Plug-and-Play: Decoupling the embedding from the architecture allows seamless integration into any MTS model, significantly lowering adoption barriers.
Rigorous Ablation: Comparison against Add/Concat/Mean Pooling/mTAND validates each design choice with empirical data.
Transfer Potential: The hierarchical structure and query-based aggregation could potentially extend to language models or other irregular data like point clouds.

Limitations & Future Work¶

Patch-level MTS models exhibit weaker performance on healthcare data (e.g., PhysioNet) that requires strong variable interaction.
Actual inference time depends on backbone details and is not inherently faster.
Performance degrades significantly when observation loss exceeds 75%.
Future Work: Refine dependencies with multi-head hierarchical architectures; introduce sparse attention; explore zero-shot transfer via cross-dataset pre-training.

vs GRU-D / P-LSTM: RNN methods handle missingness via decay or gating but are limited by RNN architectures.

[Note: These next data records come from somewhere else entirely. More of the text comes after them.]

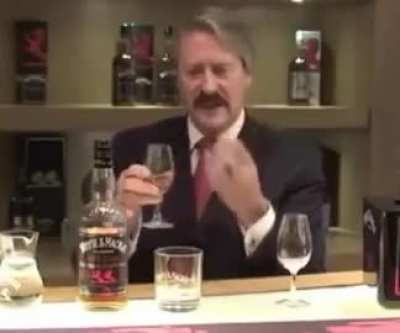Try and take the man seriously. How to drink Whyte & Mackay properly. Apparently. 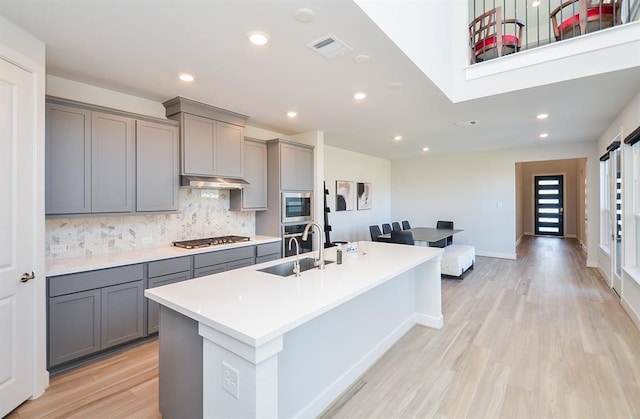 9522 Rialto Creek Dr, Cypress, TX 77433 - kitchen with gray cabinets, stainless steel appliances, light wood-style floors, tasteful backsplash, and a center island with sink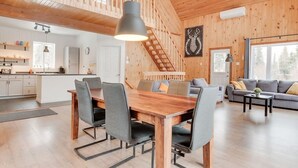 A spacious living area with a wooden dining table and chairs, a sofa, and a staircase leading to an upper level.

QuITE allows the use of modern Transformers.
vs Continuous-time ODEs: ODE methods (Latent-ODE) are expressive but computationally expensive. QuITE uses efficient attention aggregation.
vs GNN methods: Graphs can model variable-time relationships but add design complexity. QuITE's self-attention is more concise.
vs mTAND: mTAND interpolates in latent space, which alters sampling patterns. QuITE processes raw observations directly.

Rating¶

Novelty: ⭐⭐⭐⭐ Simple but effective query aggregation; provides a new perspective focused on the embedding layer.
Experimental Thoroughness: ⭐⭐⭐⭐⭐ 7 datasets, 6 backbones, 17 baselines, 4 ablation variants, and robustness analysis.
Writing Quality: ⭐⭐⭐⭐ Clear logic and motivation; some patch-size strategy details are omitted.
Value: ⭐⭐⭐⭐⭐ High practical value due to plug-and-play nature and substantial gains (50%-75%) in high-sparsity scenarios.